• [WHAT YOU SHOULD DO] Write out the listing exactly, from its first line through the line holding "3 11 Lind Street Strathmore 3041", but include none of the pictures.

········

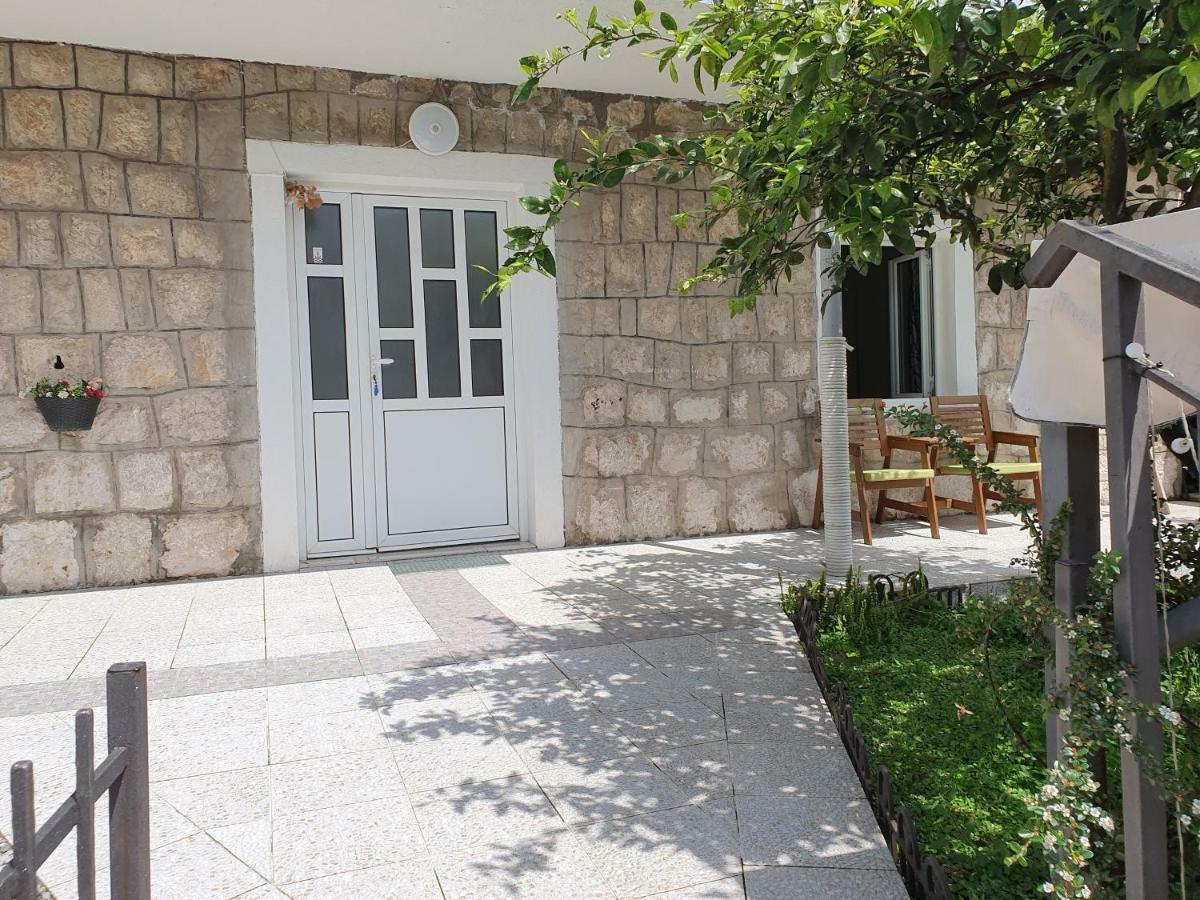 Studio Apartments Ilija Котор Екстериор снимка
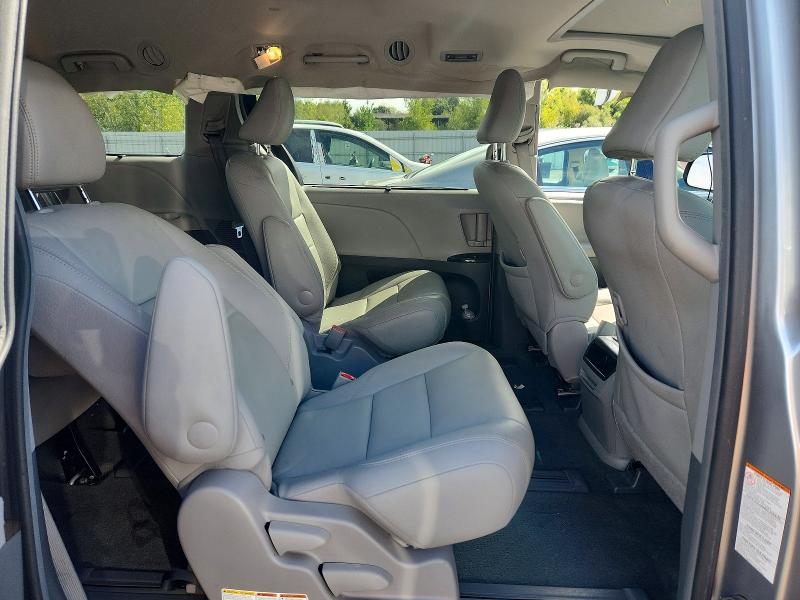 Продажа на аукционе авто 2017 Toyota Sienna, vin: 5TDDZ3DC5HS168674, номер лота: 69824476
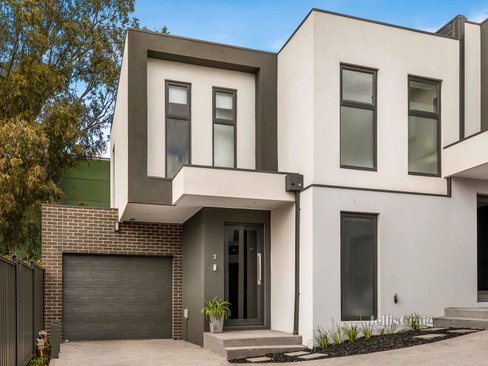 3 11 Lind Street Strathmore 3041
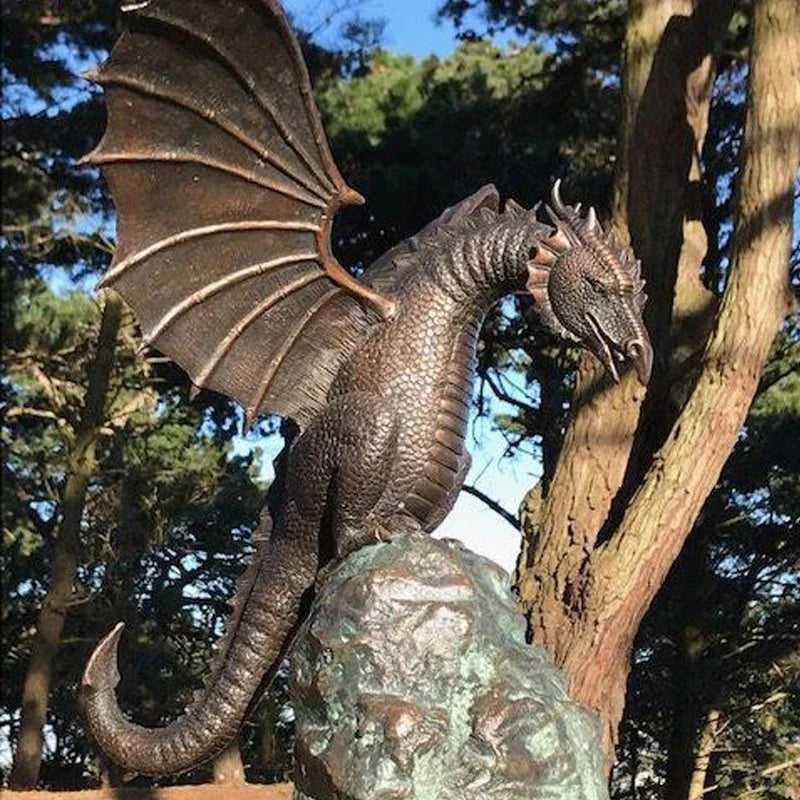 statue dragon fontaine bronze éclair orangé vert émaillage fantastique maison jardinextérieur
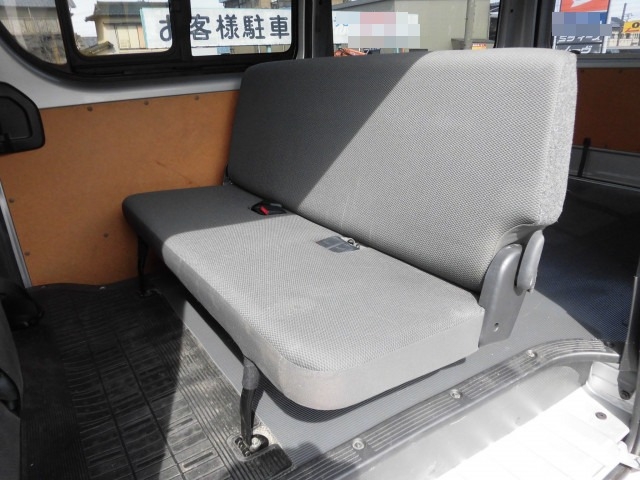 トヨタ レジアスエース 小型 バン QDF-GDH201V(81792) 17枚目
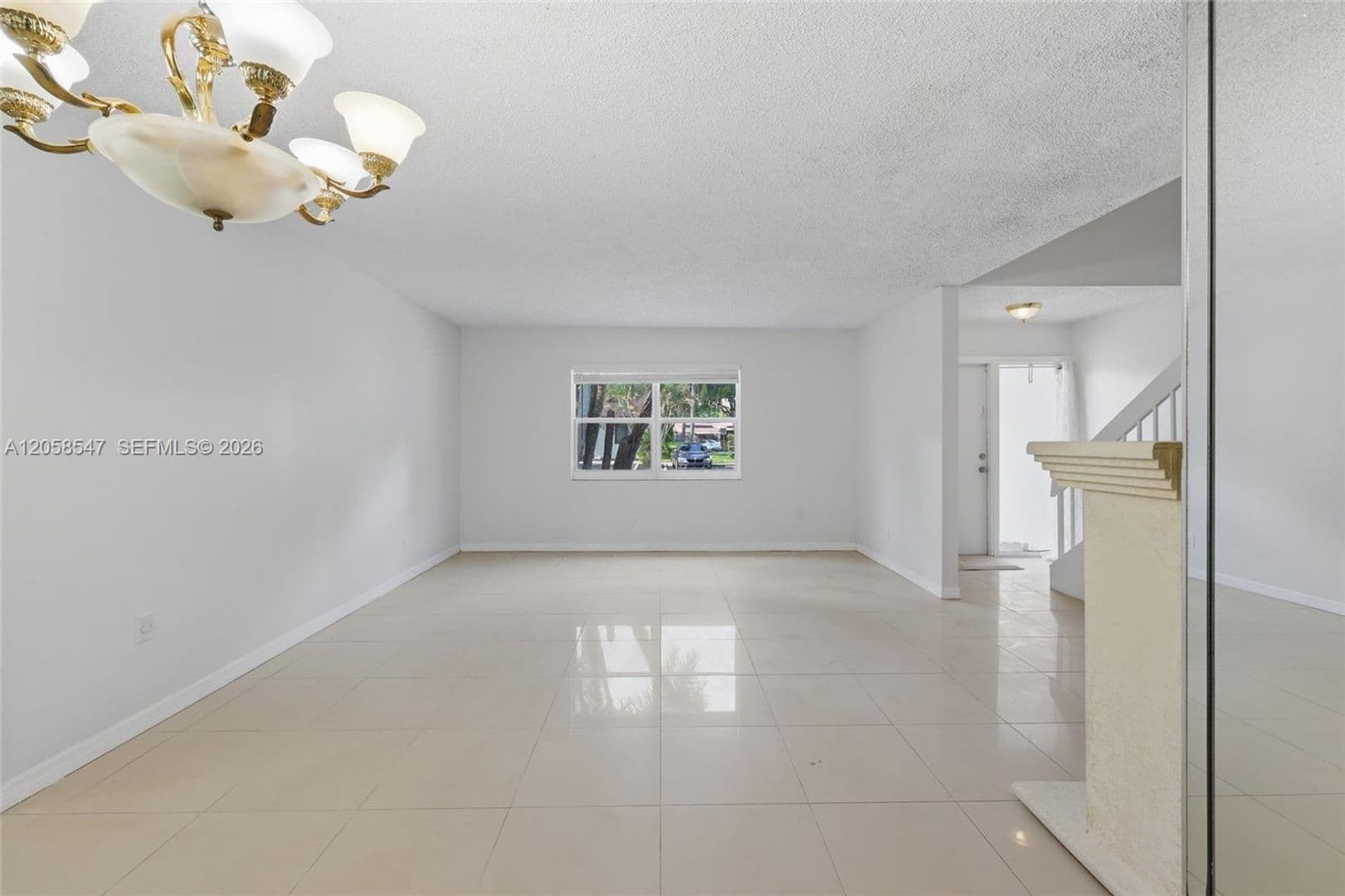 MIRAMAR House: 6929 SW 38TH ST #Townhouse 2-L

········

• [RESULT OF THIS TASK]
 Studio Apartments Ilija Котор Екстериор снимка
 Продажа на аукционе авто 2017 Toyota Sienna, vin: 5TDDZ3DC5HS168674, номер лота: 69824476
 3 11 Lind Street Strathmore 3041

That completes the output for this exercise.